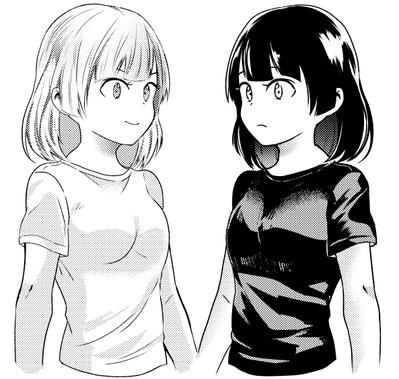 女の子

* * *

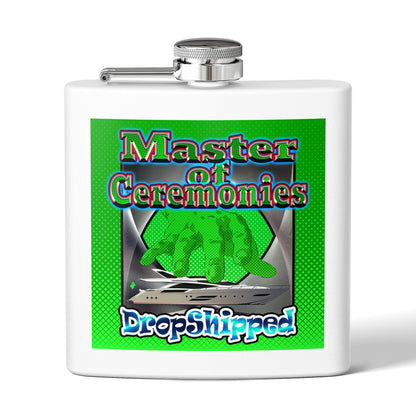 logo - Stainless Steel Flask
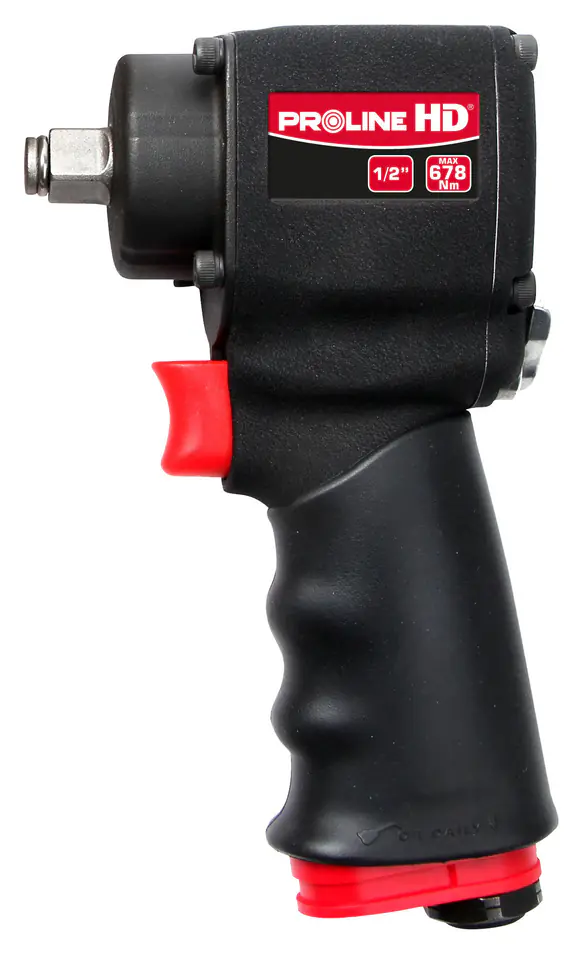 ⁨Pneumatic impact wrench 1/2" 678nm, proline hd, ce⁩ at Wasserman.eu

...

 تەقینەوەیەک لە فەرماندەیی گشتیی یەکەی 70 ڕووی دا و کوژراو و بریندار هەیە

Aim of the task: Repeat exactly the lines above, beginning at the one containing "logo - Stainless Steel Flask" and ending at the one containing "ce⁩ at Wasserman.eu". Do not carry over any pictures.

Reply to the task:
 logo - Stainless Steel Flask
 ⁨Pneumatic impact wrench 1/2" 678nm, proline hd, ce⁩ at Wasserman.eu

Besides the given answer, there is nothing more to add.